Dec 30, 2024
Dec 30, 2024
From Strength to Strength: Finding Success,
Happiness, and Deep Purpose in the Second Half of Life,
by Arthur Brooks,
Penguin Random House, 241 pages, $27.
This book by Arthur Brooks, a Harvard University Professor can be categorized as a Self-Help book, but it is refreshingly different from the other books being produced in this genre. The popular adage is that at “40 you are over the hill”. The author has not debunked that viewpoint, but what he shared is a totally unique and fresh perspective in existence of another curve waiting to be explored.

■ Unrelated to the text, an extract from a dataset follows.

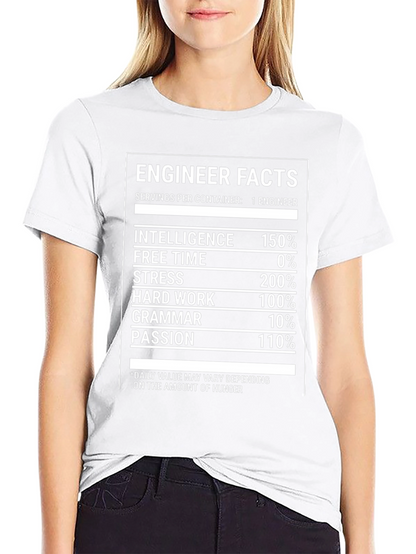 Engineer Facts T-Shirt: Intelligence Stress and Hard Work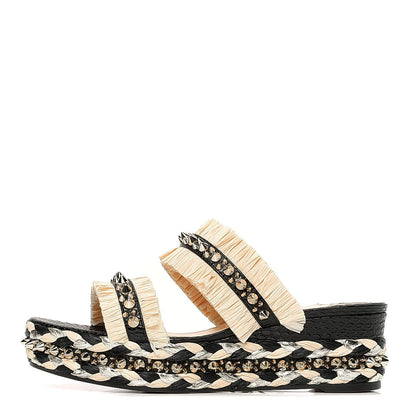 Christian Louboutin Jurassic Calfskin Rafia Voltinoudou 60 Spike Flatform Sandals 39 Black Savane 1 of 6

The conventional age-related intelligence that shows decline at forties is termed as “Fluid Intelligence”, while the other intelligence that starts its growth trajectory he calls is “Crystallized Intelligence”. That decline of fluid intelligence is a natural process, but the onset of crystallized intelligence based on knowledge and past experiences opens new vistas. The successful “strivers,” will likely peak in their careers between the ages of 30 and 50. The decline from the peak is termed as striver’s curse giving a sense of failure and despondency. He makes an interesting observation that; “Satisfaction from success lasts an instant (P 21).”
The existence of this Crystallized Intelligence on the graph of age vs intelligence level is the subject of Chapter 2, titled The Second Curve. He ends the chapter with the advice “Be like Bach” based on the life of most famous music composer, who did not let his failing eyesight extinguish his position as a composer, by reinventing himself as a writer whose book “The Art of Fugue” become a classic textbook cementing his legacy as the father of music. The material possessions, social status which are indicators of success become the biggest impediments for making the shift to the second curve. Brooks says, “What workaholics truly crave isn’t work per se: it is success (p 50).”

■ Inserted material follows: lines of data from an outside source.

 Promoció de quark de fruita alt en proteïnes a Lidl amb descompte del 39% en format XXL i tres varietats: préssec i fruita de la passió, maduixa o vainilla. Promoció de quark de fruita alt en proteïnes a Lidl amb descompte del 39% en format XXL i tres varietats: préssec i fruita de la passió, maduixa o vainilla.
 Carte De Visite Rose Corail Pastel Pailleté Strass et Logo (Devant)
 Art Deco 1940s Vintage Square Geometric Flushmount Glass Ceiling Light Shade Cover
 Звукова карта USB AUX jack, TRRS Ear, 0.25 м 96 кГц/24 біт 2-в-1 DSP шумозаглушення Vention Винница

He defines satisfaction as continuously getting what you want. He further refines that idea by saying that success is continuously having more than others and failure is having less (p 85). Brooks proposes an interesting equation that is “Satisfaction = What you have ÷ What you want (p 86) ”. Thus, the key to happiness is in having least needs. So, if life is driven by desires for money, prestige and other worldly things then expect your wants to explode and have low life satisfaction (p 141).
His seven words book summary is worth their weight in gold (p 215). These seven words are:
Use Things – Love People – Worship the Divine.
These words are novel, precise and concise. But what we find around in real life is that things are loved, people are used, Divine is not on the radar. It is a beautiful book that makes us think about our life, more so when we have passed our prime. It shows how to find success in later life. His recipe is to shift your focus from innovation to applications. The book makes us understand that changes in life are inevitable and how to use those as a potential source of success in later life.